(Exercise): Would you return the entries below exactly from the line containing "Bé bị tay chân" onward, ending with the final line and including it, and nothing else?

(Short descriptive text snippets)
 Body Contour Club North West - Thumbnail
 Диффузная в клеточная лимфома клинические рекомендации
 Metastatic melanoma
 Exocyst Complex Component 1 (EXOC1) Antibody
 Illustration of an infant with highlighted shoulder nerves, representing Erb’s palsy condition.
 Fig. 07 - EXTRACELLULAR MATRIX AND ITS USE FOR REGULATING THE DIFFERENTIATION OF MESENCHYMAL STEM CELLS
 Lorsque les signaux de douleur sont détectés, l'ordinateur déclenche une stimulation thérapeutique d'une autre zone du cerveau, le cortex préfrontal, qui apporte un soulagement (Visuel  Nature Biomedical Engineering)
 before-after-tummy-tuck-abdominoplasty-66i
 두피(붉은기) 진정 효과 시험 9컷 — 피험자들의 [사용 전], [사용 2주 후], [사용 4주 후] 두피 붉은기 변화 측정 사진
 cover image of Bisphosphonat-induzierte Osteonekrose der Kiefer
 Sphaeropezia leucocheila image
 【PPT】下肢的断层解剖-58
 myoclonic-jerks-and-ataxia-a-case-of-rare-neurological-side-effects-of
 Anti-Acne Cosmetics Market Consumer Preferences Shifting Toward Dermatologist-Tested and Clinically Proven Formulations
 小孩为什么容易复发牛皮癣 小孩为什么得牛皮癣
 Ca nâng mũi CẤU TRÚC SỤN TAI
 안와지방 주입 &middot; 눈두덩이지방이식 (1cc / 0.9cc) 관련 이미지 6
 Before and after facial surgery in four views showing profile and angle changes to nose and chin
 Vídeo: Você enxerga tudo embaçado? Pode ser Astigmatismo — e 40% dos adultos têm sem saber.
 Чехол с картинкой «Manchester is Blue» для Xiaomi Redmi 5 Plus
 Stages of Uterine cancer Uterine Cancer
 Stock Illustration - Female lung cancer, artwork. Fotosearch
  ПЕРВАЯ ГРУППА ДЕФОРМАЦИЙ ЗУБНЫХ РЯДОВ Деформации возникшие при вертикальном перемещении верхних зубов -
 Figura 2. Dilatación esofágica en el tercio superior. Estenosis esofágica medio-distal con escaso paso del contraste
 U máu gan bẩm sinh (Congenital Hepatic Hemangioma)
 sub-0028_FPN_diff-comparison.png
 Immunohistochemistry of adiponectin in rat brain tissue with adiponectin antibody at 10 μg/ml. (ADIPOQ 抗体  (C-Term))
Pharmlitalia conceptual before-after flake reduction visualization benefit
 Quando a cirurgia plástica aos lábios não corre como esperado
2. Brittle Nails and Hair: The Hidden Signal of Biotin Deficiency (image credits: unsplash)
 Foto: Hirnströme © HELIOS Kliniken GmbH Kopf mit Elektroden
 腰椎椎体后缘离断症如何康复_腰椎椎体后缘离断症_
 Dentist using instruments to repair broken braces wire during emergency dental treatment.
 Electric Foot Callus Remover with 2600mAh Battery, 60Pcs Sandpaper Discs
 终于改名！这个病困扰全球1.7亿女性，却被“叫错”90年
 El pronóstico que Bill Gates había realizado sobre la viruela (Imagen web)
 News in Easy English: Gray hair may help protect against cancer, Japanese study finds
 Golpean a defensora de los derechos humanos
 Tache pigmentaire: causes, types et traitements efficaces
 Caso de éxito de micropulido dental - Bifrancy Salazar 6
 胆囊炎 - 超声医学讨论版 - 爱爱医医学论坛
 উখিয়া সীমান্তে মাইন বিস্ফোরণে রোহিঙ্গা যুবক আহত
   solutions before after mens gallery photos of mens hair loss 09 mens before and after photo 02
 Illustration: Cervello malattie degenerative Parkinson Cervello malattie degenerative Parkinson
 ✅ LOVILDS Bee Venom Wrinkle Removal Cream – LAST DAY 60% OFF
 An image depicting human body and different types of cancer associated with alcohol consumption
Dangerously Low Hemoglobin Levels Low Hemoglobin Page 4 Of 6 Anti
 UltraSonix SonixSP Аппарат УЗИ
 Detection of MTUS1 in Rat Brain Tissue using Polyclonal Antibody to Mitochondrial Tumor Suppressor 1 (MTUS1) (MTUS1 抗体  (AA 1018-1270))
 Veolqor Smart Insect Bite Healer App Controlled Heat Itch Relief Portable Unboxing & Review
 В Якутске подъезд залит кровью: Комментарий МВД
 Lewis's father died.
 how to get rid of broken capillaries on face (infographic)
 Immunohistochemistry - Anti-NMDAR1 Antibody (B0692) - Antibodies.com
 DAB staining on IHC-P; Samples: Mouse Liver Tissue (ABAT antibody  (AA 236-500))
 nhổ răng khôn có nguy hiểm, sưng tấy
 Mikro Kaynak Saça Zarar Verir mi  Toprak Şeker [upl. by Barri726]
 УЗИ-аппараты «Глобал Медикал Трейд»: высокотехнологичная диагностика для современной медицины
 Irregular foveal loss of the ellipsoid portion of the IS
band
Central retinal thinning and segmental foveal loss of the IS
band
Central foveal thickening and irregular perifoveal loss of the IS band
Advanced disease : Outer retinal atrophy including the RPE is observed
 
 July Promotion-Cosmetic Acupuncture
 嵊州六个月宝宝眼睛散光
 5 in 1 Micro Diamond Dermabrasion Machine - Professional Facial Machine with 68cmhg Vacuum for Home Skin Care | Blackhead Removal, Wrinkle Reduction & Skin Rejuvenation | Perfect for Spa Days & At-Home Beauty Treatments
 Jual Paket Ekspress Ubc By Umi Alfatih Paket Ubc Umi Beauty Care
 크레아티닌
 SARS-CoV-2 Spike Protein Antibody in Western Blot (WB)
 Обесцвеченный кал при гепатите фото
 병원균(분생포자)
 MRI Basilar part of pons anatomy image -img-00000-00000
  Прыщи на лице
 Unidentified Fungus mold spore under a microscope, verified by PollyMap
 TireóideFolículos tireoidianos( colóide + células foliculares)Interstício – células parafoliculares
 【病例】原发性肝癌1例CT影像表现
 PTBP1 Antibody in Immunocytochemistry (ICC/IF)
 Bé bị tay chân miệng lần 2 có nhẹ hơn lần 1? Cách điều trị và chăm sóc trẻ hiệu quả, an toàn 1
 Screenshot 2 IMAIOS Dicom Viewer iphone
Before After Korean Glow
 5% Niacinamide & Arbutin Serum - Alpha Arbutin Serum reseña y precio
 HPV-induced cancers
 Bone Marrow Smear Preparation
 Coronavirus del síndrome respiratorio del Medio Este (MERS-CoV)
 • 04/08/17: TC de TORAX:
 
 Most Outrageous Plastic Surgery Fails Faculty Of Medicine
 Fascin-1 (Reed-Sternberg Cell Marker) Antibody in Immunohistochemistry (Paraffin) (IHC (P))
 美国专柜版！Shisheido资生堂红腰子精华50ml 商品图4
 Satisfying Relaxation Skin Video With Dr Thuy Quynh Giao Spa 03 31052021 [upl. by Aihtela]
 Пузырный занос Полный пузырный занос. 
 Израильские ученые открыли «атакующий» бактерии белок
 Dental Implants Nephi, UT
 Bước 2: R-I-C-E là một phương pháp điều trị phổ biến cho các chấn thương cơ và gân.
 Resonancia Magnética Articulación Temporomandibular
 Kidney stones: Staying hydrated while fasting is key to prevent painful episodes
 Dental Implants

(Written response):
 Bé bị tay chân miệng lần 2 có nhẹ hơn lần 1? Cách điều trị và chăm sóc trẻ hiệu quả, an toàn 1
 Screenshot 2 IMAIOS Dicom Viewer iphone
Before After Korean Glow
 5% Niacinamide & Arbutin Serum - Alpha Arbutin Serum reseña y precio
 HPV-induced cancers
 Bone Marrow Smear Preparation
 Coronavirus del síndrome respiratorio del Medio Este (MERS-CoV)
 • 04/08/17: TC de TORAX:
 
 Most Outrageous Plastic Surgery Fails Faculty Of Medicine
 Fascin-1 (Reed-Sternberg Cell Marker) Antibody in Immunohistochemistry (Paraffin) (IHC (P))
 美国专柜版！Shisheido资生堂红腰子精华50ml 商品图4
 Satisfying Relaxation Skin Video With Dr Thuy Quynh Giao Spa 03 31052021 [upl. by Aihtela]
 Пузырный занос Полный пузырный занос. 
 Израильские ученые открыли «атакующий» бактерии белок
 Dental Implants Nephi, UT
 Bước 2: R-I-C-E là một phương pháp điều trị phổ biến cho các chấn thương cơ và gân.
 Resonancia Magnética Articulación Temporomandibular
 Kidney stones: Staying hydrated while fasting is key to prevent painful episodes
 Dental Implants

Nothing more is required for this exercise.